-- Data for processing follows --

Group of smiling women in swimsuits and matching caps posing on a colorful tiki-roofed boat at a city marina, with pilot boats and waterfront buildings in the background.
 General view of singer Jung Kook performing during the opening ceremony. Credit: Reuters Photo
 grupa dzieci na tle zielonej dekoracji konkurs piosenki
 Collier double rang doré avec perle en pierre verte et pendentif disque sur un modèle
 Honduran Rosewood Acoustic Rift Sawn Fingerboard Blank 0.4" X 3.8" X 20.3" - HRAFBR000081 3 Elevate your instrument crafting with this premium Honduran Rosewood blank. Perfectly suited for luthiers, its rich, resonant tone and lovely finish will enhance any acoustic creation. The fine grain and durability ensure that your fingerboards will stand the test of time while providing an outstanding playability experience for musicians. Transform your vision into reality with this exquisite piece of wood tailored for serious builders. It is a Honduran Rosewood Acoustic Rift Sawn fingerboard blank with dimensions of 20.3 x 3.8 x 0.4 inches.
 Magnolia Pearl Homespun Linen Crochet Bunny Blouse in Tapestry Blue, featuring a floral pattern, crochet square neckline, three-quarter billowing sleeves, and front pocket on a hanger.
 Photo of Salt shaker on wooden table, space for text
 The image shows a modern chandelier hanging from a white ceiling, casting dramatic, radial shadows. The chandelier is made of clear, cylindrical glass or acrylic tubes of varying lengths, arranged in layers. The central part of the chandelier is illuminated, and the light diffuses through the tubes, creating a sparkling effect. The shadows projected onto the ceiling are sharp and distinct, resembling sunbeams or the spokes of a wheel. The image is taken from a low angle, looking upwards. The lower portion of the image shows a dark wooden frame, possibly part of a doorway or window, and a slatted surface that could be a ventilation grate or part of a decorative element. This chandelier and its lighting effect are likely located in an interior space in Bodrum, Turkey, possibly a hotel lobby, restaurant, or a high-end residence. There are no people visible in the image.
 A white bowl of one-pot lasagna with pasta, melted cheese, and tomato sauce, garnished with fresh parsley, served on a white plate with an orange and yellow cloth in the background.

-- Data for processing concluded --

### What is required:
The word "with" appears in some lines of the data. Copy every one of those lines.

### Written response:
Group of smiling women in swimsuits and matching caps posing on a colorful tiki-roofed boat at a city marina, with pilot boats and waterfront buildings in the background.
 Honduran Rosewood Acoustic Rift Sawn Fingerboard Blank 0.4" X 3.8" X 20.3" - HRAFBR000081 3 Elevate your instrument crafting with this premium Honduran Rosewood blank. Perfectly suited for luthiers, its rich, resonant tone and lovely finish will enhance any acoustic creation. The fine grain and durability ensure that your fingerboards will stand the test of time while providing an outstanding playability experience for musicians. Transform your vision into reality with this exquisite piece of wood tailored for serious builders. It is a Honduran Rosewood Acoustic Rift Sawn fingerboard blank with dimensions of 20.3 x 3.8 x 0.4 inches.
 A white bowl of one-pot lasagna with pasta, melted cheese, and tomato sauce, garnished with fresh parsley, served on a white plate with an orange and yellow cloth in the background.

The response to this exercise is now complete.